- Data shown
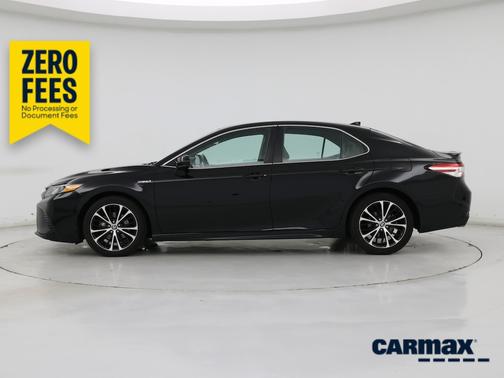 Black 2020 Toyota Camry Hybrid SE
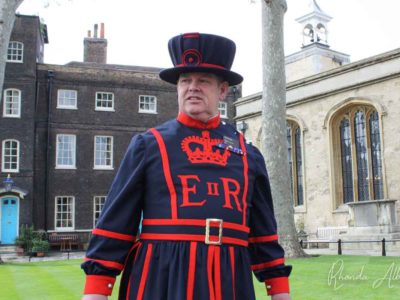 A beefeater guard representing travel tips for the UK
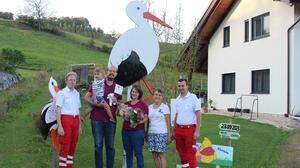 Das Rote Kreuz St. Peter am Ottersbach mit der glücklichen Familie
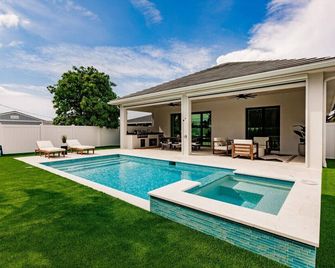 Naples Paradise Cove Luxury Beach Home - ネープルズ - プール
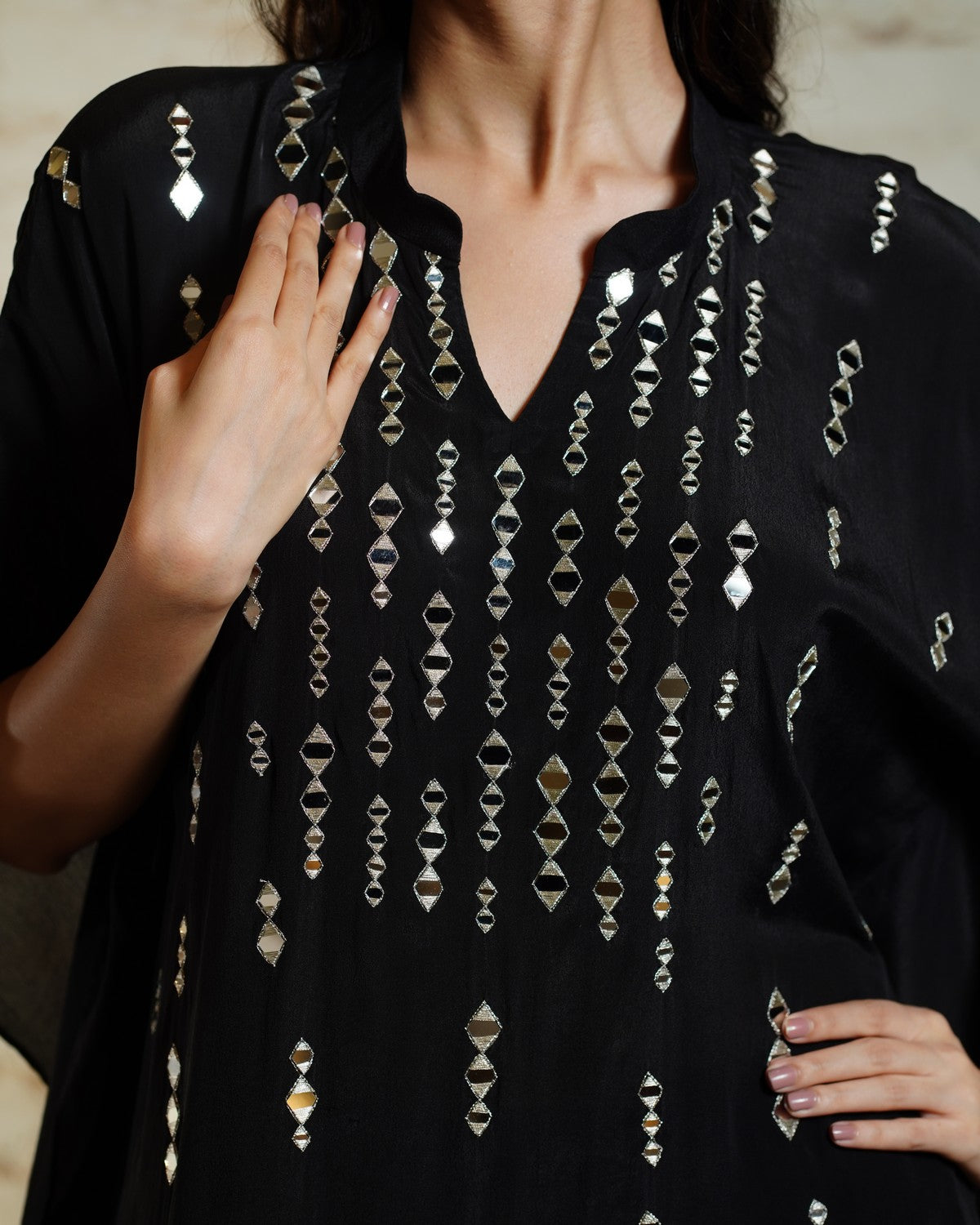 NAFISA - BLACK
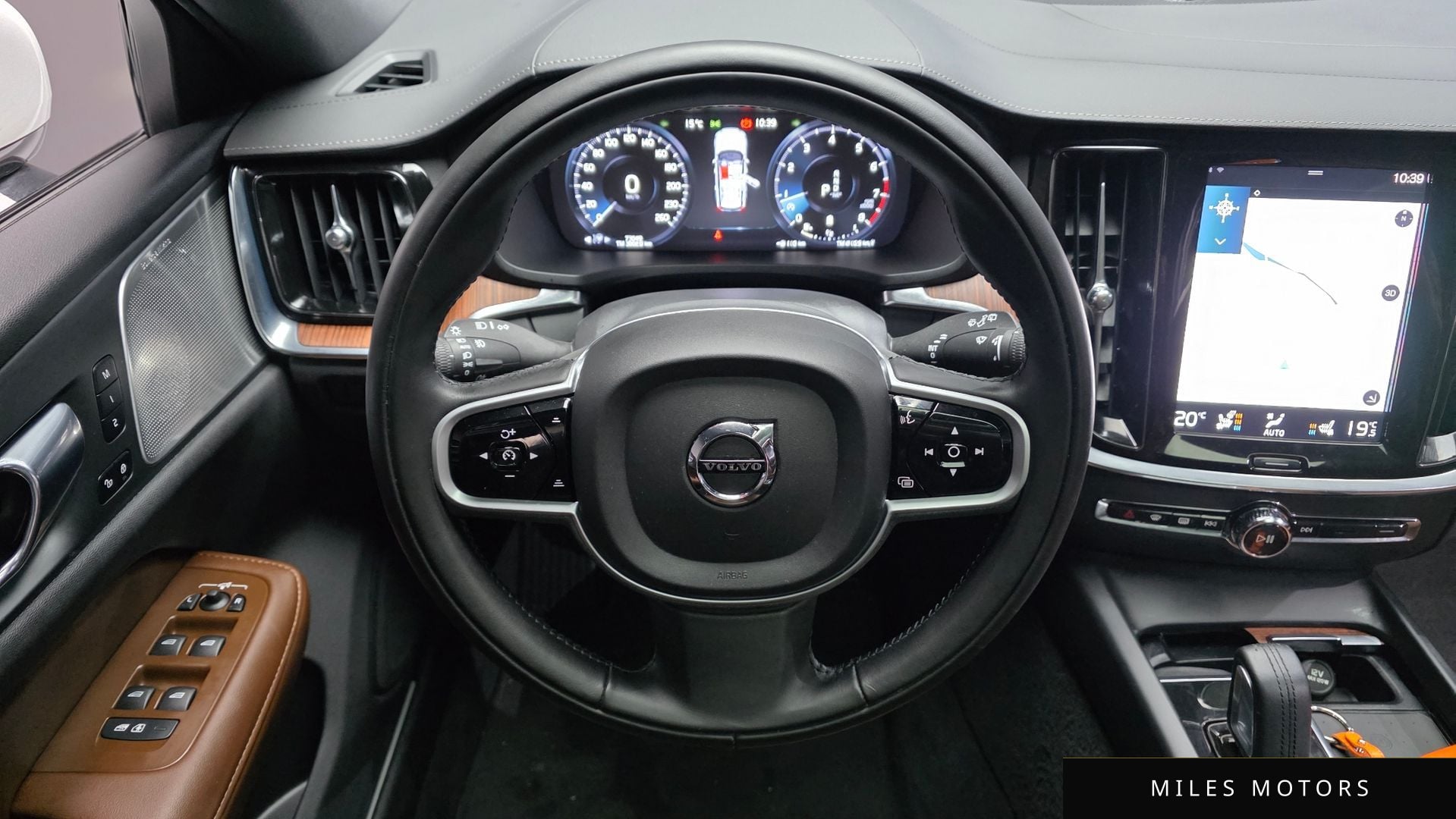 Volvo V60 크로스컨트리 2021 — миниатюра 30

- What you have to do
The pictures are not wanted, but every line of the listing should be duplicated exactly.

- Answer for this exercise
 Black 2020 Toyota Camry Hybrid SE
 A beefeater guard representing travel tips for the UK
 Das Rote Kreuz St. Peter am Ottersbach mit der glücklichen Familie
 Naples Paradise Cove Luxury Beach Home - ネープルズ - プール
 NAFISA - BLACK
 Volvo V60 크로스컨트리 2021 — миниатюра 30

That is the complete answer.